DRUMMOND COMPANY, INC. v. HARRIS, 824 So.2d 775 (Ala.Civ.App. 2001)

DRUMMOND COMPANY, INC. v. HARRIS, 824 So.2d 775 (Ala.Civ.App. 2001)

Drummond Company, Inc. v. Lowell Harris.

No. 2000671.Court of Civil Appeals of Alabama.
Decided November 2, 2001.Rehearing Denied December 28, 2001.

Appeal from Walker Circuit Court (CV-97-502).Page 776

William Anthony Davis III and Jeannie Bugg Walston of Starnes
Atchison, L.L.P., Birmingham, for appellant.

James C. King, Robert O. Bryan and Franklin G. Williams of Kings, Harrison Bryan, Jasper, for appellee.
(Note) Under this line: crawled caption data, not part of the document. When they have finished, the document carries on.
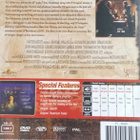 Rautanaamio (1997) -DVD - pikkukuva 2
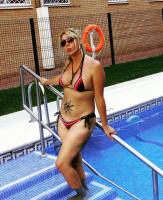 648701704: Transexual en Sevilla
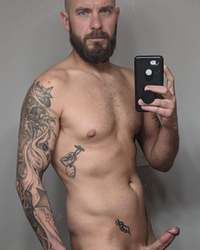 photo-thumb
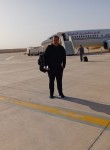 Evgeniy, 38, Kerch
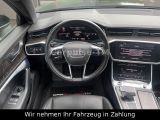 Audi A6 bei Sportwagen.expert - Abbildung (12 / 15)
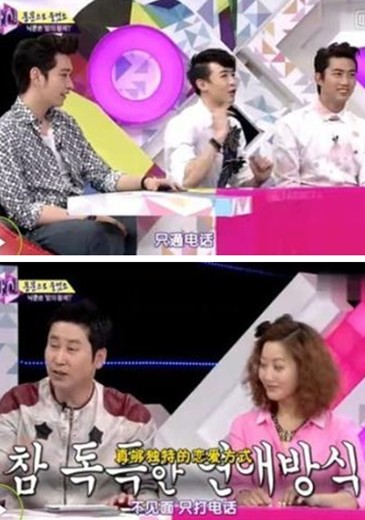 尼坤推特最新更新引發(fā)粉絲狂歡時刻！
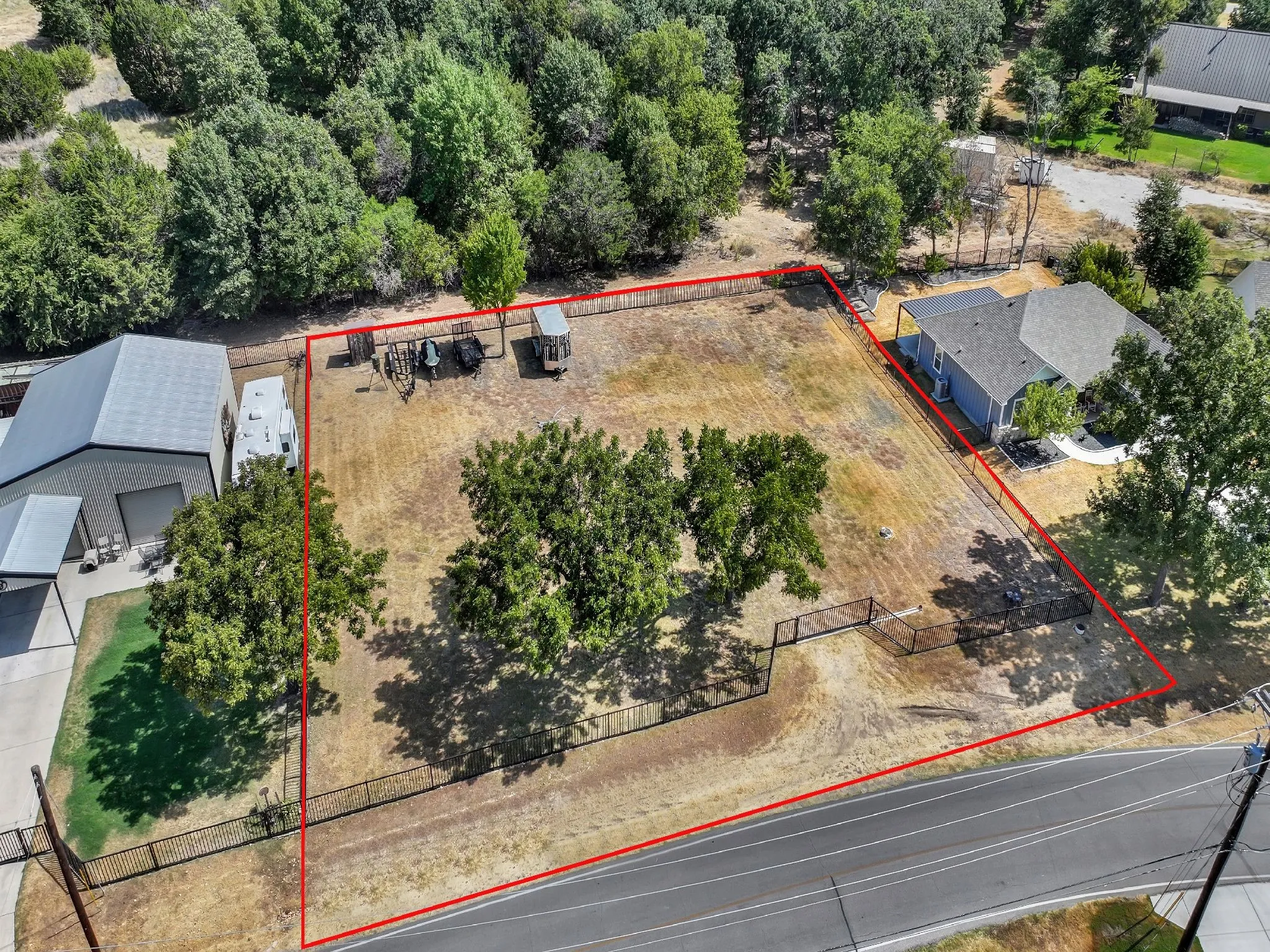 Improved Land For Sale in Parker County , 1518 E Lake Drive, Weatherford, Texas 76087, 0, 0, Garage spaces, 0 Sqft, built in 0, mls#21381981, Real Estate Agent in Weatherford, Homes For Sale in Parker county, Homes For Sale in Weatherford, Realtor in Weatherford Texas, Real Estate Brokerage Independent Realty Texas, Luminita Cordes Realtor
Charles Carr, executive director, Alabama Self-Insurers Association, Montgomery; T.W., Pugh, fund adminstrator, Associated General Contractors of America, Inc., Alabama Branch, Birmingham; and Harold Rice, corporate counsel, Jim Walter Resources, Brookwood, for amicus curiae Alabama Self-Insurer’s Association; Alabama Branch of Associated General Contractors of America, Inc., and Jim Walter Resources.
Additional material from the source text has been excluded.